ジュラルは妹を殺されるかもという悲壮感のために両目から大きな透明な液体を溢しいながら、右手の拳を強く握り締めて、
「やるしかないのか……」
と、決意の言葉を口に出す。それから、六日間。彼は懸命にウェンディ・スペンサーを狙うために計画を張った。
ある時は偶然を、ある時はうっかりを装って命を狙おうとしたが、それも上手くいかない。
途中、賞金稼ぎ部の活動に混ぜてもらいウェンディが敵との銃撃戦で死亡したという風に見せ掛けようとしたが、そのどれもが失敗に終わってしまう。
そして、期限が明日に迫ってしまったのだ。もうそろそろフォークナイト・ゲイシーが動き始める頃だろう。
その日、数件の強盗殺人を働いた男の始末して得た賞金でささやかな送別会が行われていた。
その送別会の主役はジュラル・チャップマンその人。
他に集まったのは妹にウェンディ、この六日間で会った彼の相棒、ケネスとマーティの四人。
実はあの日、散歩から帰ったジュラルは妹に期限日である一週間を帰る日と偽り伝えていたのだ。それを妹は学校でウェンディに伝えたのだろう。
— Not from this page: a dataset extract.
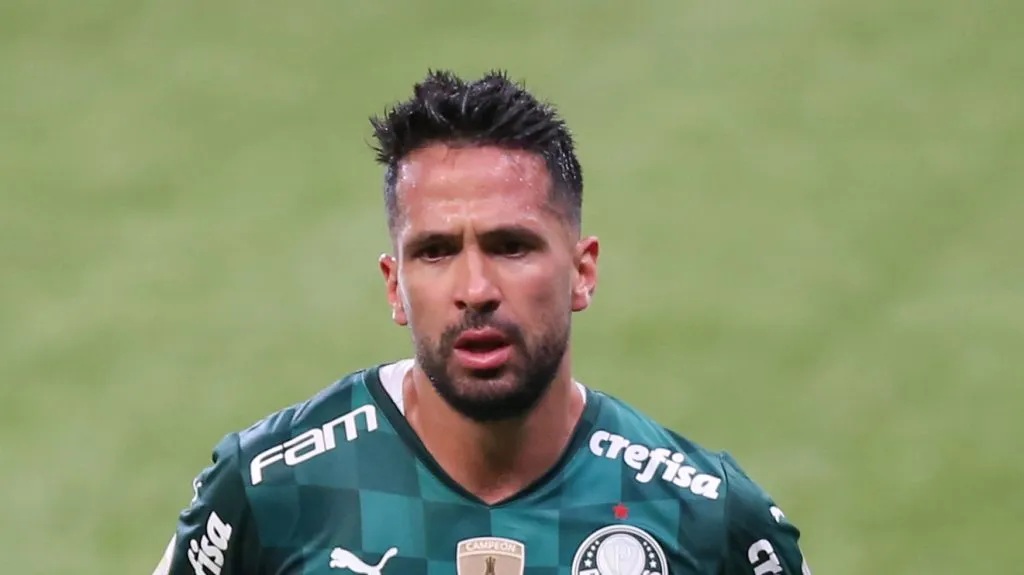 Foto: Marcello Zambrana/AGIF – Luan, multicampeão no Palmeiras, não será reforço do Tricolor.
結果としてその日に仕留めた賞金首の賞金を使って酒場では送別会を出してくれたのだ。話によれば、部長が賞金の分け前に色を付けてくれたのだそうだ。
五人は食事やささやかな飲酒を楽しみながら、送別会を終えた。
そして帰る段になり、夜の闇の中を歩く彼女に対し、最後に一目でいいから彼女の大きな屋敷を見たいといったのだった。
彼女はそれを快く了承し、彼女の案内の元に屋敷へと向かう事になった。
街を抜け、離れの道を歩いていく。
離れだけあり、街の住人も学生も誰も寄り付かないのだろう。
ただ静かに風の音ばかりが彼の耳に吹いていく。
もし、やるとすればこの道の間しかないだろう。
彼が腰のホルスターから拳銃を抜こうとした時だ。急に前を歩いていた彼女が振り向く。
慌てて拳銃を戻したので、彼女には気付かれなかったかもしれない。
いや、無駄な事を考えるのはやめた方が良いかもしれない。
彼はただ黙って自分の方に振り向いた銀色の髪の美少女を見つめたが、やはり視線は逸れてしまう。
何か話そうかと考えていた時だ。先に彼女が沈黙を破り、彼に向かって話し掛ける。
「そう言えば、最近は軍用品の放出セールが多いですよね。あれを聞くのを忘れてました。あなたも軍人ですし、答えられますよね?」
男はその問い掛けを聞いて視線を逸らしてしまう。
それを銀色の髪の少女は腕を組んで見下ろしていた。勝ち誇ったような笑顔を浮かべて。